Task instructions =>
Find the line below with "Homemade voyeur slutwife" and the line with "Leticia Black Pumps (PRE ORDER)". Output exactly those lines and everything between them, leaving out the pictures.

Exercise inputs =>
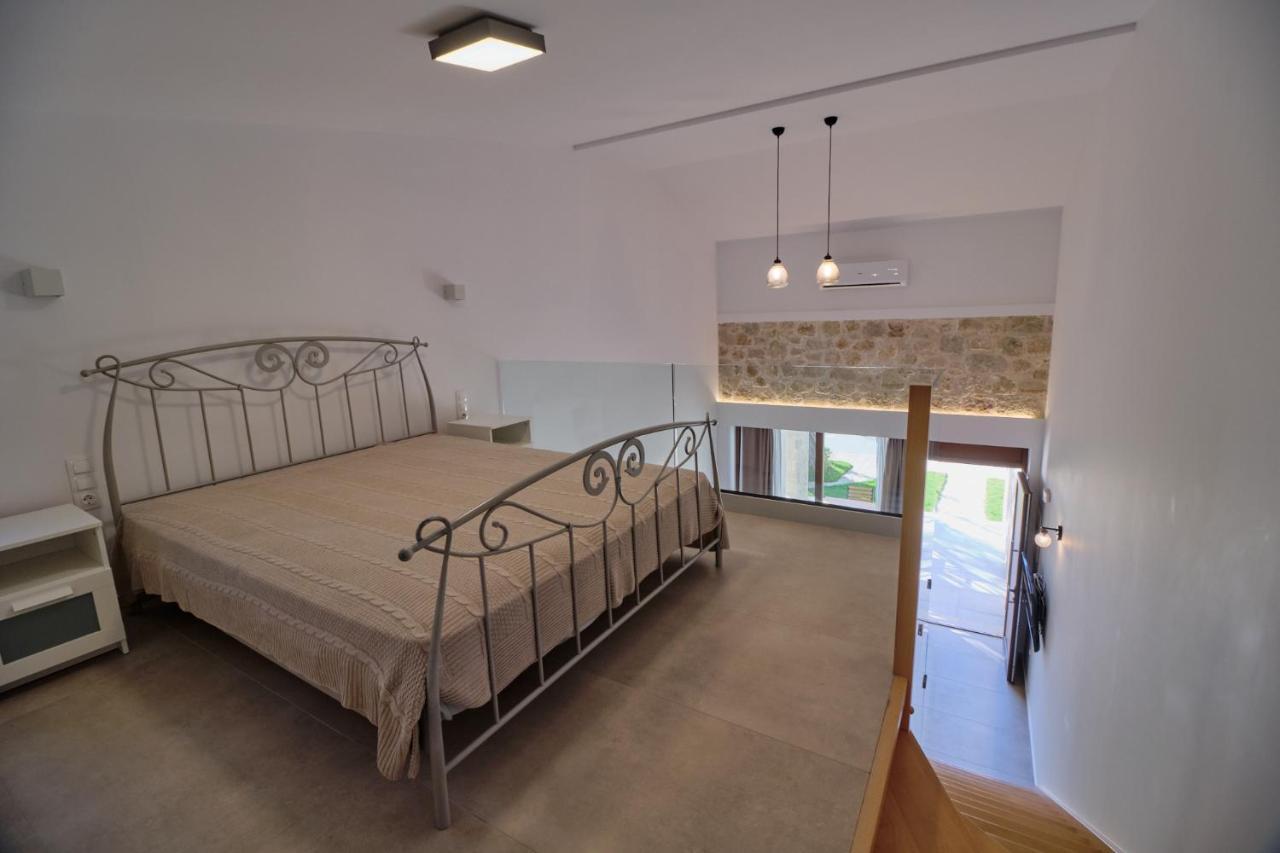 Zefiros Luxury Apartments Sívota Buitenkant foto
---
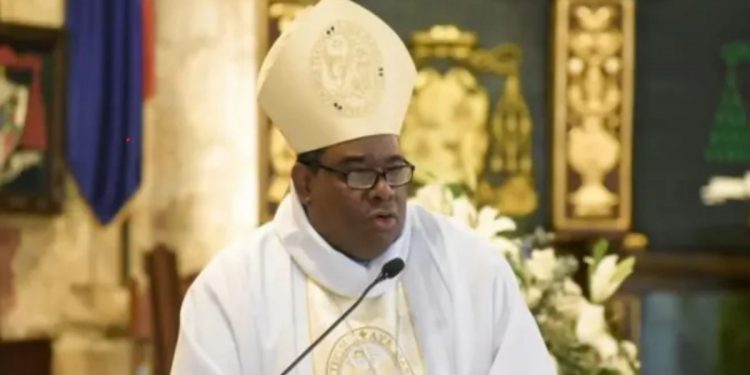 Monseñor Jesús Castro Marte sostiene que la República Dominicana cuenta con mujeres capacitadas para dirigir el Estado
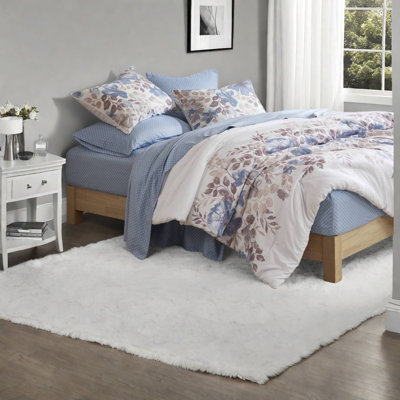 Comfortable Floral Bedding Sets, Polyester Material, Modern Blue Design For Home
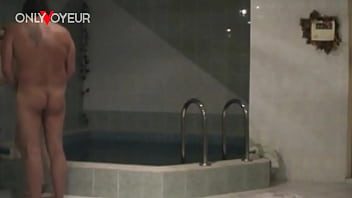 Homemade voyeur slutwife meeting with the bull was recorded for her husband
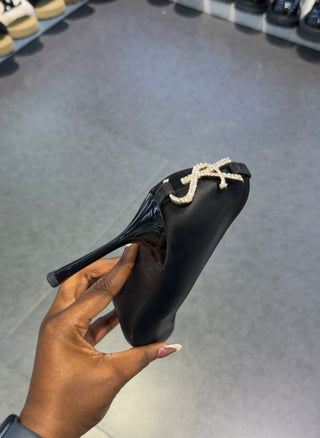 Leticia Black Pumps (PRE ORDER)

Task result =>
 Homemade voyeur slutwife meeting with the bull was recorded for her husband
 Leticia Black Pumps (PRE ORDER)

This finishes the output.